Ben got home and I said, "Mama needs to peace out." Him: "Where are you going?" Me: "No clue." I visited DSW to see if I could find the boots I ordered, but of course, walked around overwhelmed and aimlessly because there are SO MANY EFFING SHOES. I know, my dream, right? But no. It's too much. I did find a pair of ridiculous turqoise shoes for <$100... I wanted them. Bad.  But I left them where they belong--in the interrogation lighting with other people who seem perfectly comfortable there.

So I left and went to JoAnn's, bought puffy paint, considered yarn for a wreath, bought ribbon and then to Spec's for a box o' wine.  I'm a classy lady, guys.  Cla-ssy.  And have regained my sanity.

And finally, how hilarious is this?  Subs "mama" for "dada."  Welcome to my life.

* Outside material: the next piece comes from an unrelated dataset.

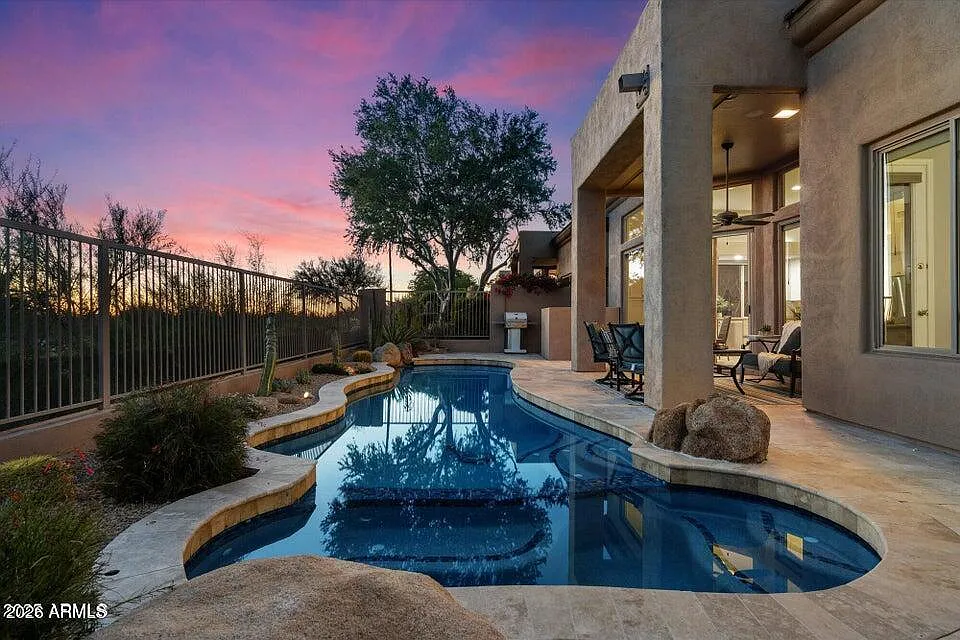 2 bed, 2.0 bath, 1974 sqft, $6,000 — Photo 4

Wednesday, October 26, 2011

15 month competition (check up)

Stats
Weight: 23.3 lbs (50%)
Height: 31 inches (50%)
Head: 47.1 cm (55%)

Perfectly normal.  love it.  Y'all he's cute.  So cute.  So happy.  This baby LOVES to climb on things.  Likes to say "uh oh", dog, cat, blue, toes, nose, eyes, eat, no no no, yah (working on yes, please), up, down, mama, dada, maggie, Jenny, squirrel, bird, o's (cheerios), hush (to goodnight moon), bye bye, mmmm (kisses), belly button, outside, slide, book, and so many other things that I know I'm missing.  The doctor asked if he called us by name and had 4-5 other words.  
I went all Charlie Sheen on her ass in my mind and was like hells yes, my baby is a genius because he can point out body parts.  For a week he thought only I had a belly button and so would lift up my shirt--for strangers.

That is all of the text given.